_Problem description_.
Every record here needs to be written out again exactly.

=== Entries provided ===

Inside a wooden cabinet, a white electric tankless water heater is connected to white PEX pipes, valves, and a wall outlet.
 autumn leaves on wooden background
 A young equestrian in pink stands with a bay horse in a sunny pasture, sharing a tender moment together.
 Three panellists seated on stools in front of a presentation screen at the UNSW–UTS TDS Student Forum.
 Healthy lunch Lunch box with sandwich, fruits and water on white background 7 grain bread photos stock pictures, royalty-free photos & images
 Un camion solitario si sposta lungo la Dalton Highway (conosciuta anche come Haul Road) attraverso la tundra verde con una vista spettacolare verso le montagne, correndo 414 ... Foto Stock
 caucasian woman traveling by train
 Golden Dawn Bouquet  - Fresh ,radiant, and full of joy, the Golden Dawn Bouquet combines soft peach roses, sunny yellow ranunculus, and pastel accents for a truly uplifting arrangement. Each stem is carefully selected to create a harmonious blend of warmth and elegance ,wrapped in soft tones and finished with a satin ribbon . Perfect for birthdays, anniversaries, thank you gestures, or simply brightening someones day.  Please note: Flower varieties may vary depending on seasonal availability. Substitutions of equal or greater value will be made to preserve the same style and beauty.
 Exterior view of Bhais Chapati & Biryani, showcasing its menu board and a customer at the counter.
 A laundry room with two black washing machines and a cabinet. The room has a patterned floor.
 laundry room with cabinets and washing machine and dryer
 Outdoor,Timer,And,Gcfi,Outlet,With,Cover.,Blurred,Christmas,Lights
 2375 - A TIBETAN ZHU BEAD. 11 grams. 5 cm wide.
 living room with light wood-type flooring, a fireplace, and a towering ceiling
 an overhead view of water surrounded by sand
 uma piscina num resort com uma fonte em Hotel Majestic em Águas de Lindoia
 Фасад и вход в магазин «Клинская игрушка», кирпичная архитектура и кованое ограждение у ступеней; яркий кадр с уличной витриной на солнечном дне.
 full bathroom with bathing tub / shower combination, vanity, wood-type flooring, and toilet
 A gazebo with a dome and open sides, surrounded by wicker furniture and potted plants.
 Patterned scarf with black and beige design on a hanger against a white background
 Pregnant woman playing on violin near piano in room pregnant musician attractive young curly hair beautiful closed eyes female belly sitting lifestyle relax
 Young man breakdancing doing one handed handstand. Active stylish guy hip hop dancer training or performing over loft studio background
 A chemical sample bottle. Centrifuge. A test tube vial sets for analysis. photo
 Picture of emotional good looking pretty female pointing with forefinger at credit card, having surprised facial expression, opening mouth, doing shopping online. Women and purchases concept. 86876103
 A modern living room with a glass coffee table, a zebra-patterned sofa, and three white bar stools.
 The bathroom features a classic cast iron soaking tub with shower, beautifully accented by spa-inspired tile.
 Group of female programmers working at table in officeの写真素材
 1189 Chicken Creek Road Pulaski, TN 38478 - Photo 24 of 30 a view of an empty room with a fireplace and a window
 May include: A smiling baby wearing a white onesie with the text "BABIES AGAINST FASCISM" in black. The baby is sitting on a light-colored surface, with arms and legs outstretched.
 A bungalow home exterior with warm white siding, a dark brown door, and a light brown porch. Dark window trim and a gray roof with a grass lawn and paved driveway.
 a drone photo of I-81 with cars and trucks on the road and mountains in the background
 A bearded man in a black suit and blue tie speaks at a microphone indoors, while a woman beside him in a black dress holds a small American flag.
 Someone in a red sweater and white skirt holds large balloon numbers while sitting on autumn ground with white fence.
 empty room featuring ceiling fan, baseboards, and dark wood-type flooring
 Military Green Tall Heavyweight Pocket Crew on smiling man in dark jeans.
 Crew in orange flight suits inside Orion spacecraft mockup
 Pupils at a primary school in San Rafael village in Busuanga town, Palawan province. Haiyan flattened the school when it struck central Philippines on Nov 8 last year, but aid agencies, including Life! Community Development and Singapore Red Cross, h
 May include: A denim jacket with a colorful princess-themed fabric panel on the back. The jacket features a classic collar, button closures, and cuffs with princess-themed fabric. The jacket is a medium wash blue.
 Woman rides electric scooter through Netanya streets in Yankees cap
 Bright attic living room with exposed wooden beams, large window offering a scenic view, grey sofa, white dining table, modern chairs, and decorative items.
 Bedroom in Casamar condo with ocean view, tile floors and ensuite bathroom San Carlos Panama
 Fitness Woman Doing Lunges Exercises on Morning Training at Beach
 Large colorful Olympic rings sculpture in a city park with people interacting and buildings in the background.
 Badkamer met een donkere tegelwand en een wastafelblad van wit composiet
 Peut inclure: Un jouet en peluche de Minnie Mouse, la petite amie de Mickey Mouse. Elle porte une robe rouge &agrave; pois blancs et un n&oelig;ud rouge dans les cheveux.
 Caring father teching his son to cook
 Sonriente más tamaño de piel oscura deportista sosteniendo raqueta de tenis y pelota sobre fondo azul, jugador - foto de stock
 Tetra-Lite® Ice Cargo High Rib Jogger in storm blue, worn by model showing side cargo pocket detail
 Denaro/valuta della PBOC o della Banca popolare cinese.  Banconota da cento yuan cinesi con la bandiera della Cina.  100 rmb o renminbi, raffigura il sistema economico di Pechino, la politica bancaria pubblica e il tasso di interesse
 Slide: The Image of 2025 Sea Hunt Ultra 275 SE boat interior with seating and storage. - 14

===

_Written solution_.
Inside a wooden cabinet, a white electric tankless water heater is connected to white PEX pipes, valves, and a wall outlet.
 autumn leaves on wooden background
 A young equestrian in pink stands with a bay horse in a sunny pasture, sharing a tender moment together.
 Three panellists seated on stools in front of a presentation screen at the UNSW–UTS TDS Student Forum.
 Healthy lunch Lunch box with sandwich, fruits and water on white background 7 grain bread photos stock pictures, royalty-free photos & images
 Un camion solitario si sposta lungo la Dalton Highway (conosciuta anche come Haul Road) attraverso la tundra verde con una vista spettacolare verso le montagne, correndo 414 ... Foto Stock
 caucasian woman traveling by train
 Golden Dawn Bouquet  - Fresh ,radiant, and full of joy, the Golden Dawn Bouquet combines soft peach roses, sunny yellow ranunculus, and pastel accents for a truly uplifting arrangement. Each stem is carefully selected to create a harmonious blend of warmth and elegance ,wrapped in soft tones and finished with a satin ribbon . Perfect for birthdays, anniversaries, thank you gestures, or simply brightening someones day.  Please note: Flower varieties may vary depending on seasonal availability. Substitutions of equal or greater value will be made to preserve the same style and beauty.
 Exterior view of Bhais Chapati & Biryani, showcasing its menu board and a customer at the counter.
 A laundry room with two black washing machines and a cabinet. The room has a patterned floor.
 laundry room with cabinets and washing machine and dryer
 Outdoor,Timer,And,Gcfi,Outlet,With,Cover.,Blurred,Christmas,Lights
 2375 - A TIBETAN ZHU BEAD. 11 grams. 5 cm wide.
 living room with light wood-type flooring, a fireplace, and a towering ceiling
 an overhead view of water surrounded by sand
 uma piscina num resort com uma fonte em Hotel Majestic em Águas de Lindoia
 Фасад и вход в магазин «Клинская игрушка», кирпичная архитектура и кованое ограждение у ступеней; яркий кадр с уличной витриной на солнечном дне.
 full bathroom with bathing tub / shower combination, vanity, wood-type flooring, and toilet
 A gazebo with a dome and open sides, surrounded by wicker furniture and potted plants.
 Patterned scarf with black and beige design on a hanger against a white background
 Pregnant woman playing on violin near piano in room pregnant musician attractive young curly hair beautiful closed eyes female belly sitting lifestyle relax
 Young man breakdancing doing one handed handstand. Active stylish guy hip hop dancer training or performing over loft studio background
 A chemical sample bottle. Centrifuge. A test tube vial sets for analysis. photo
 Picture of emotional good looking pretty female pointing with forefinger at credit card, having surprised facial expression, opening mouth, doing shopping online. Women and purchases concept. 86876103
 A modern living room with a glass coffee table, a zebra-patterned sofa, and three white bar stools.
 The bathroom features a classic cast iron soaking tub with shower, beautifully accented by spa-inspired tile.
 Group of female programmers working at table in officeの写真素材
 1189 Chicken Creek Road Pulaski, TN 38478 - Photo 24 of 30 a view of an empty room with a fireplace and a window
 May include: A smiling baby wearing a white onesie with the text "BABIES AGAINST FASCISM" in black. The baby is sitting on a light-colored surface, with arms and legs outstretched.
 A bungalow home exterior with warm white siding, a dark brown door, and a light brown porch. Dark window trim and a gray roof with a grass lawn and paved driveway.
 a drone photo of I-81 with cars and trucks on the road and mountains in the background
 A bearded man in a black suit and blue tie speaks at a microphone indoors, while a woman beside him in a black dress holds a small American flag.
 Someone in a red sweater and white skirt holds large balloon numbers while sitting on autumn ground with white fence.
 empty room featuring ceiling fan, baseboards, and dark wood-type flooring
 Military Green Tall Heavyweight Pocket Crew on smiling man in dark jeans.
 Crew in orange flight suits inside Orion spacecraft mockup
 Pupils at a primary school in San Rafael village in Busuanga town, Palawan province. Haiyan flattened the school when it struck central Philippines on Nov 8 last year, but aid agencies, including Life! Community Development and Singapore Red Cross, h
 May include: A denim jacket with a colorful princess-themed fabric panel on the back. The jacket features a classic collar, button closures, and cuffs with princess-themed fabric. The jacket is a medium wash blue.
 Woman rides electric scooter through Netanya streets in Yankees cap
 Bright attic living room with exposed wooden beams, large window offering a scenic view, grey sofa, white dining table, modern chairs, and decorative items.
 Bedroom in Casamar condo with ocean view, tile floors and ensuite bathroom San Carlos Panama
 Fitness Woman Doing Lunges Exercises on Morning Training at Beach
 Large colorful Olympic rings sculpture in a city park with people interacting and buildings in the background.
 Badkamer met een donkere tegelwand en een wastafelblad van wit composiet
 Peut inclure: Un jouet en peluche de Minnie Mouse, la petite amie de Mickey Mouse. Elle porte une robe rouge &agrave; pois blancs et un n&oelig;ud rouge dans les cheveux.
 Caring father teching his son to cook
 Sonriente más tamaño de piel oscura deportista sosteniendo raqueta de tenis y pelota sobre fondo azul, jugador - foto de stock
 Tetra-Lite® Ice Cargo High Rib Jogger in storm blue, worn by model showing side cargo pocket detail
 Denaro/valuta della PBOC o della Banca popolare cinese.  Banconota da cento yuan cinesi con la bandiera della Cina.  100 rmb o renminbi, raffigura il sistema economico di Pechino, la politica bancaria pubblica e il tasso di interesse
 Slide: The Image of 2025 Sea Hunt Ultra 275 SE boat interior with seating and storage. - 14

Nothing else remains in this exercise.